Die Götter sind entzürnt

Der Tag beginnt ganz gut: ausschlafen, frühstücken und anschließend gemütlich zum Hafen spazieren. Dort habe ich dann das große Glück, dass tatsächlich ein Boot zur Amalfiküste fährt (z.B. Alilauro bzw. Alicost, Sorrent-Positano-Amalfi in 1h, 17 €). Als ich vor vier Jahren hier war, war mir das nicht vergönnt. Leider. Denn ich liebe Schifffahren. Zudem ist der Blick auf die kleinen Städtchen und Dörfer vom Wasser aus einfach am Besten.

In Amalfi steige ich aus. Dort gibt es für den Tagestouristen nicht wirklich viel zu sehen. Mittelpunkt des Treibens ist der Dom mit seiner hübschen Mosaikfassade, die ihn noch orientalischer wirken lässt. Drumherum Hunderte Geschäfte, die Lederwaren, Limoncello und anderen Köstlichkeiten, kunterbunte Fliesen und beeindruckende Bilder verkaufen. Das alles hatte ich bei meinem letzten Aufenthalt bereits gesehen. Dieses Mal wollte ich neue Wege gehen und den „Sentiero degli Dei“, den Weg der Götter, erwandern.

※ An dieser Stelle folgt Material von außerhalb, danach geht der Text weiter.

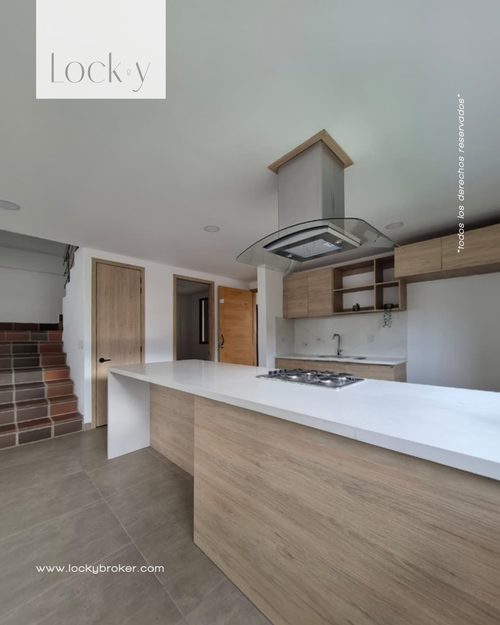 Casa de 4 alcobas en venta en El Porvenir, Rionegro, 220 m² · foto 3 de 24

Der Sentiero degli Dei ist wohl der berühmteste Wanderweg an der Amalfiküste und soll grandiose Aussichten bieten. Er beginnt in Bomerano und führt zum kleinen Bergdorf Nocelle, von dem aus man entweder mit einem Bus nach Positano fahren oder über Montepertuso nach Positano einen Treppenabstieg nutzen kann. Von Amalfi aus kommt man nach Bomerano mit einem Sita-Bus (Ri. Agerola, 1,80 €, ca. 45min Fahrt). Doch der Himmel ist heute grau, Regen ist angesagt und ich frage mich, ob es sich überhaupt Sinn macht nach Bomerano zu fahren. Ich zweifle, dass sich die Aussicht wirklich lohnen wird. Dennoch steige ich in den Bus. Die Odyssee beginnt. Ich war als Kind bei Busfahrten sehr häufig reisekrank. Das hat sich ganz gut gelegt. Allerdings sind die Straßen an der Amalfiküste der glatte Horror. Schön anzusehen aus der Luft, wenn man die Kurven nicht tatsächlich fahren muss, aber in einem Bus überwiegt das Gefühl der Übelkeit. Mir war richtig, richtig, richtig schlecht. Die Fahrtzeit zog sich gefühlt stundenlang hin bis ich endlich aussteigen durfte. Und kapitulierte. Jupiter ist wohl sehr entzürnt. Hier oben in den Bergen war es kalt, feucht und nebelig. Über den vermeintlich tollen Ausblick vom Wanderweg aus brauchte ich mir keine Gedanken mehr machen, Ich konnte ja nicht einmal mehr erkennen, was in zehn Metern Entfernung vor sich ging. Eigentlich hätte ich mir das in Amalfi schon denken können und Vernunft walten lassen müssen. Das hätte mir immerhin die Busfahrt erspart. Stattdessen stehe ich wenige Minuten später an einer anderen Bushaltestelle in Bomerano und warte auf den Bus für die quälende Rückfahrt. Selbst die erscheint bei diesem Nebel lebensgefährlich.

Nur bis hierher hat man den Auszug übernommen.